After playing at the Academy several weeks, I mentioned one day that it might be a novel little "stunt" for me to play a cornet solo when performing with the band outside. This band, which was composed of splendid musicians, was very popular, both afternoon and evening concerts drawing large audiences, and I was programmed for a solo the following week. I played seated with the orchestra in a balcony over the entrance about twenty feet above the street, and no one could see me. As it had always been a trial for me to play facing an audience, I acquired more confidence by being out of sight, and the solo "took." For the rest of the season I played this way each week, and due to the necessity of learning new pieces found my repertoire becoming more extensive. Thus really commenced my career as a soloist. My practice at this time consisted of a morning session with the cornet. Playing two shows a day, three hours each, I considered was enough time to spend on the viola, so I left that in the theatre.
This venture into music once more was a disappointment to my parents, but I felt that I must make a living some way, and music seemed to be thrust upon me continually. Too, the theatre engagement paid me better than would have a position as clerk with some business house.
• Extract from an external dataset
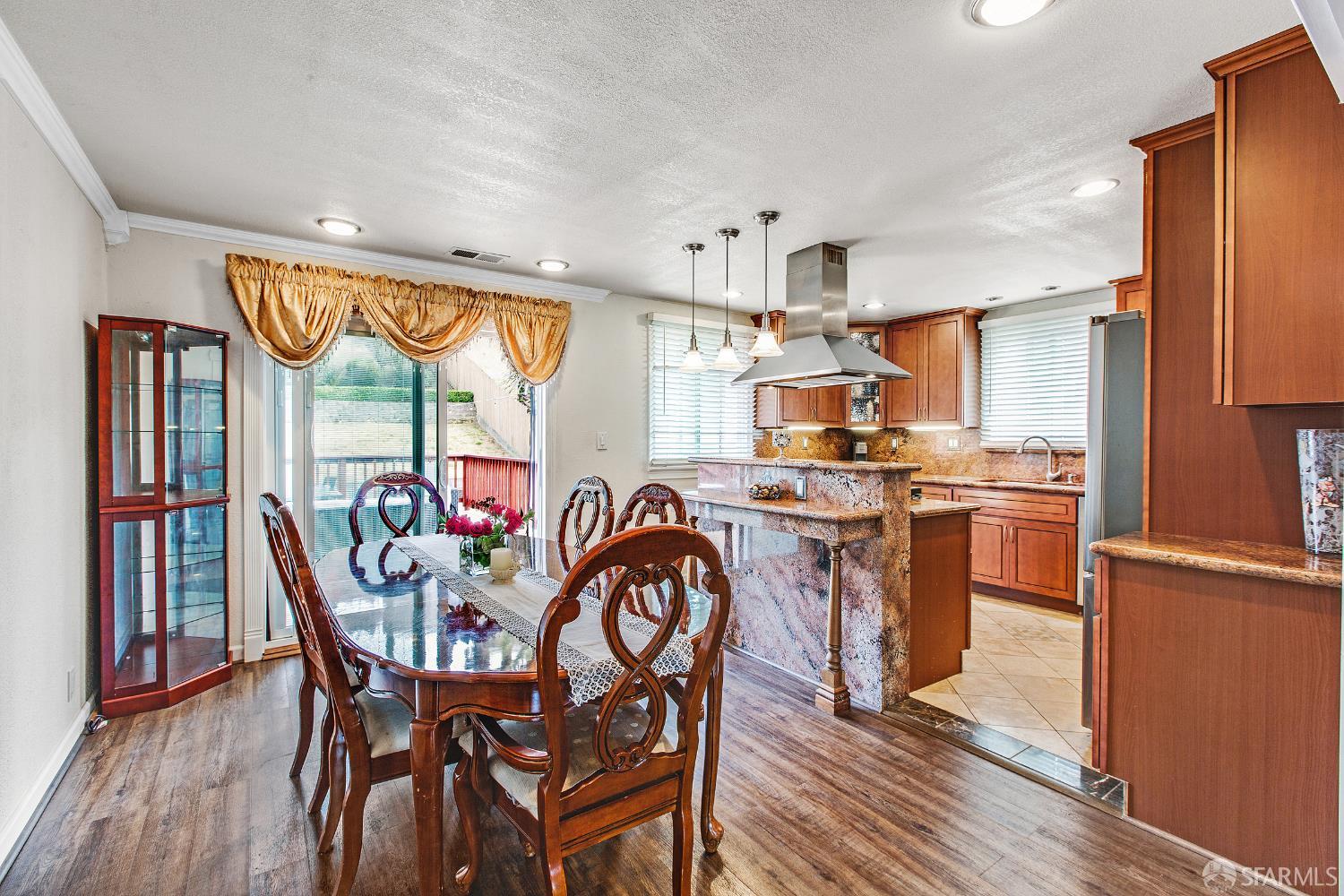Detail Gallery Image 24 of 37 For 543 Macarthur Dr, Daly City,  CA 94015 - 3 Beds | 1 Baths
My pleasure in the work was increased when, while playing in the balcony, I looked into the windows of the bank across the street and realized that there was a chance I might have been one of the young clerks bending over books keeping accounts, and waiting for a small raise in the ten-dollar-a-week salary on which they had started. And it was perhaps a youthful pride that made me feel whenever one glanced up at me that surely he would be delighted to change places. Although my job in the theatre was hard from a musician's standpoint, it was not so confining as working in a bank, and was more interesting.